World Central Kitchen said that its staff members killed by the IDF strikes were Australian national and WCK Gaza team leader Lalzawmi “Zomi” Frankcom, age 43; three British nationals working as the group’s security team: John Chapman, age 57, James Henderson, age 33, and James Kirby, age 47; Polish national Damian Sobol, age 35; U.S.-Canadian dual citizen Jacob Flickinger, age 33; and Palestinian member of the World Central Kitchen relief team, Saifeddin Issam Ayad Abutaha, age 25.
“These are the heroes of WCK,” World Central Kitchen CEO Erin Gore wrote on the group’s Twitter account. “These 7 beautiful souls were killed by the IDF in a strike as they were returning form a full day’s mission. Their smiles, laughter and voices are forever embedded in our memories.”
The British government summoned the Israeli ambassador for the first time in 12 years over the killing of three of its nationals, and British Prime Minister Rishi “Sunak has demanded an investigation in a call” with Netanyahu, the BBC reported.
France’s foreign minister Stéphane Séjourné, in a joint press appearance with visiting US Secretary of State Antony Blinken today, expressed “firm condemnation of the Israeli strike that led to the death of seven humanitarian personnel of the NGO World Central Kitchen.”
“The humanitarian situation is disastrous and is worsening day after day, and nothing justifies such a tragedy,” Séjourné said.

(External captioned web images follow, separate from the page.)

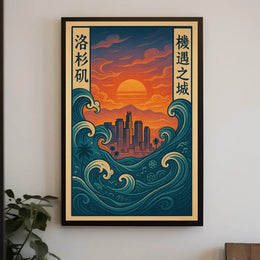 Los Angeles Sunset Fusion Urban or Cityscape Poster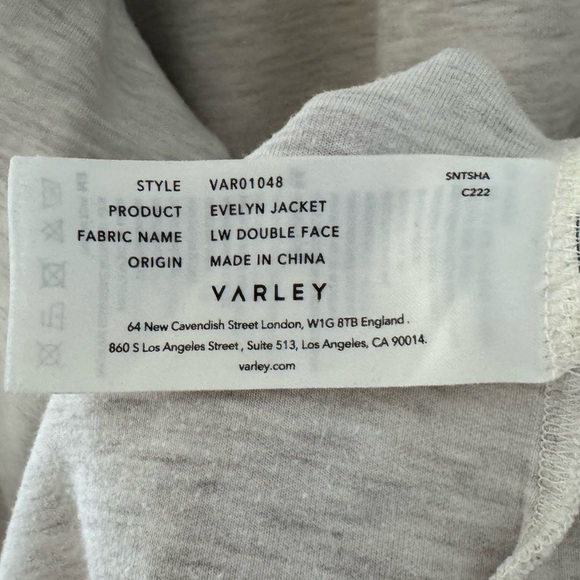 Varley Evelyn Jacket Large Marled Ivory Layering Loungewear Casual Neutral Chic - Picture 10 of 13
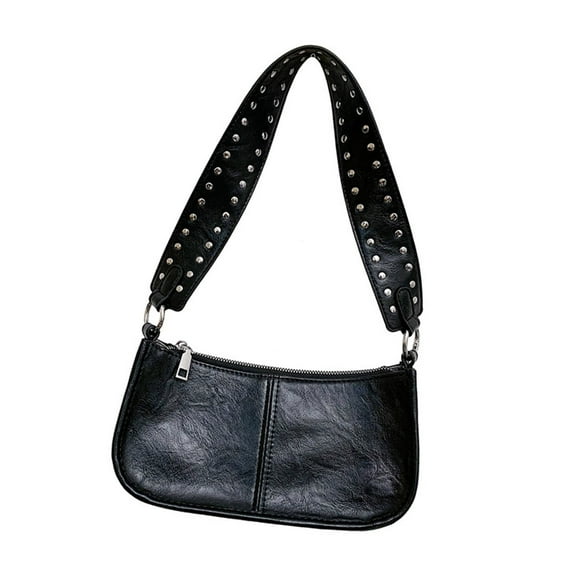 Women's Trendy Rivets Studded Wide Strap Shoulder Bag PU 90s Styles Handbag Small Crossbody Purse Underarm Bag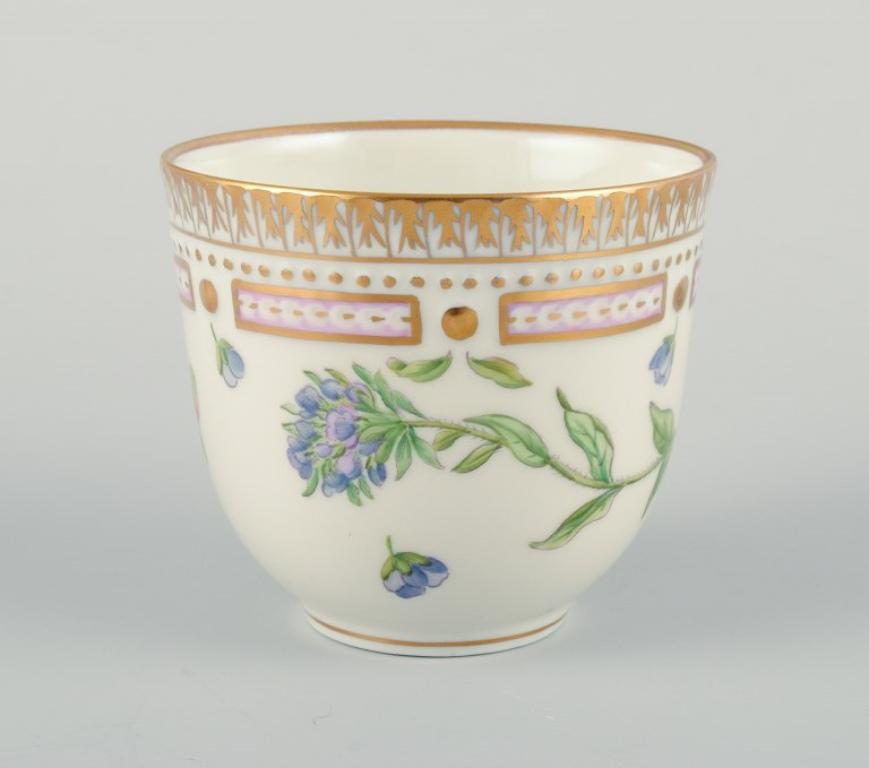 Hand-Painted Royal Copenhagen Flora Danica coffee cup and saucer. Veronica Alpina L.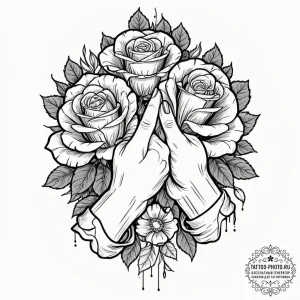 Tattoo design a silhouette of two hands holdi... - эскиз тату (№1753039682_0, 20.07.2025 19:28) — tattoo-photo.ru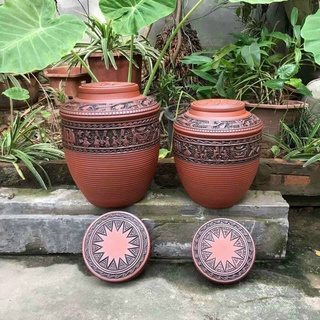 Chum rượu trống đồng âu lạc vò rượu gốm bát tràng không tráng men 5L 10L hấp thụ andehit làm ngon rượu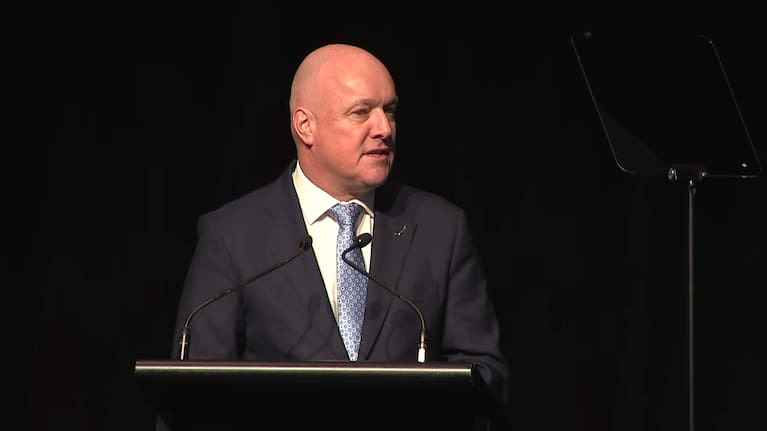 National leader Christopher Luxon announces a South Island growth plan in Christchurch on Friday.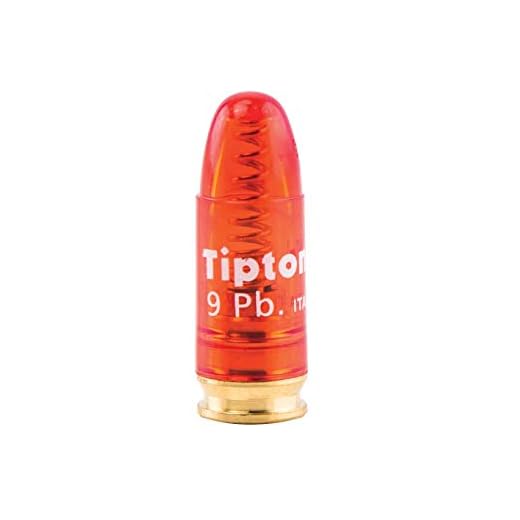 Tipton Snap Caps 9mm Luger with False Primer, Reusable Construction for Dry-Firing, Practice and Firearm Storage, clear, red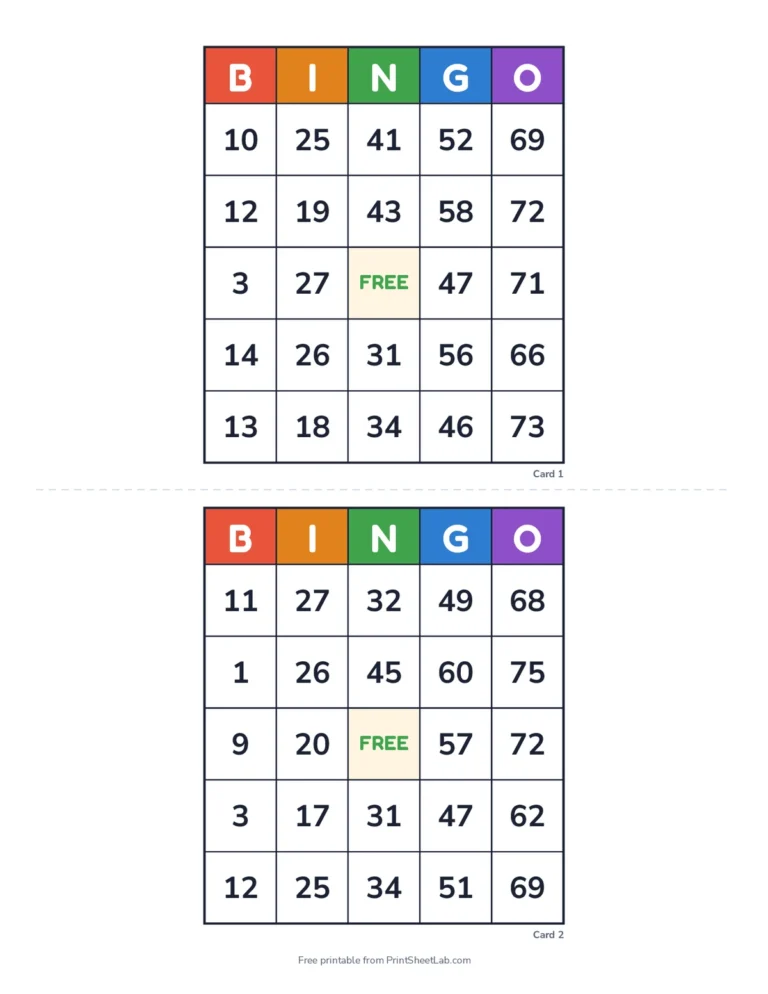 Number bingo cards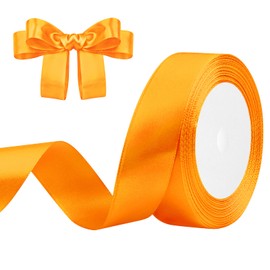 Orange Solid Satin Ribbon, 1Inch x 25 Yards Silk Fabric Ribbons for Crafts, Gift Wrapping, Hair Bows, Floral Bouquets, Sewing, Wedding Party Decoration and More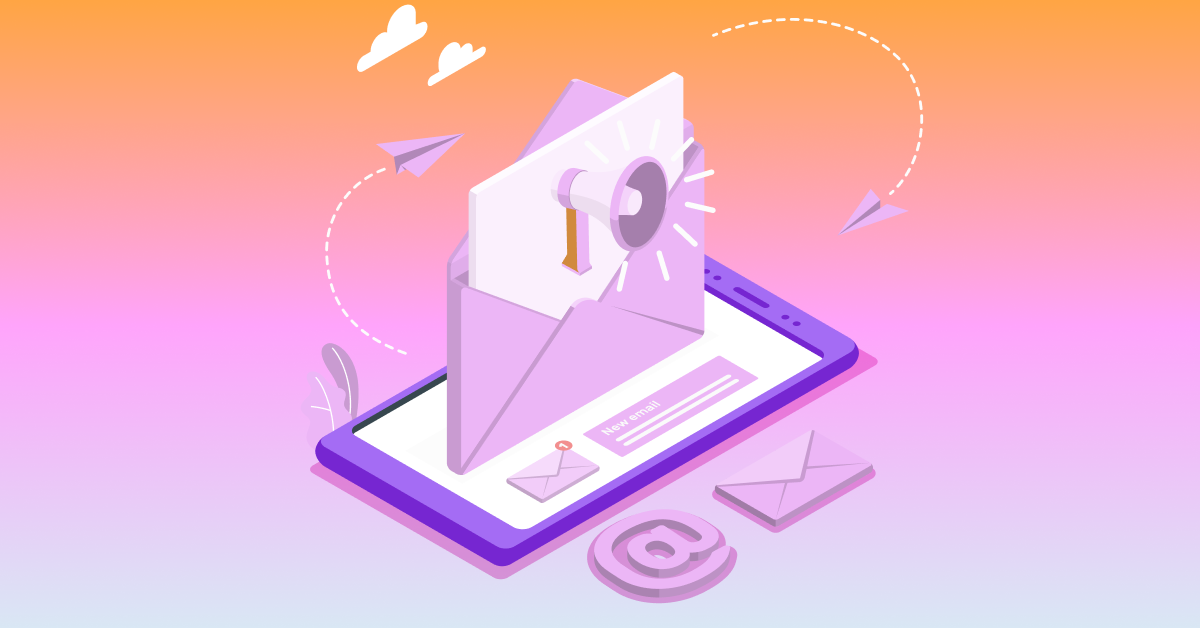 an isometric illustration of an envelope with a megaphone coming out of it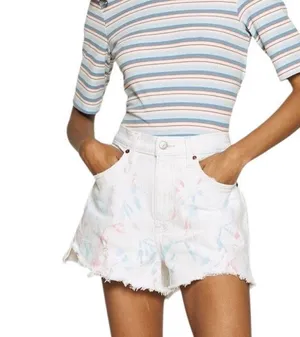 Abercrombie & Fitch High Rise Denim Tie Dye Shorts Sz 28 thumbnail 4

“Both of us agree on the need to get to the quickest possible ceasefire, to allow the release of hostages, to enable the surge and sustainment of humanitarian assistance,” Blinken said.
On why the US administration has been so cautious about using the considerable leverage it would seem the United States has on the Israeli government to curb the war, Konyndyk suggested that the Biden administration had been trying to mitigate possible Israeli military action on the southern Gaza city of Rafah, and counting on getting a new hostage release deal, that has proved elusive.
“I think they’ve been telling themselves a narrative….that we just need to get to a hostage deal, and the mass release of hostages, and then we can sort the rest out,” Konyndyk told me, of the US administration. “And they have wanted to avoid disrupting the prospects of that.”
“The problem is, it hasn’t delivered,” Konyndyk said. “And so what that’s translated to is just this extended period of not putting any meaningful pressure on the Israelis to really change their behavior in the hopes of leading them to a hostage deal that it is not clear Netanyahu actually wants.”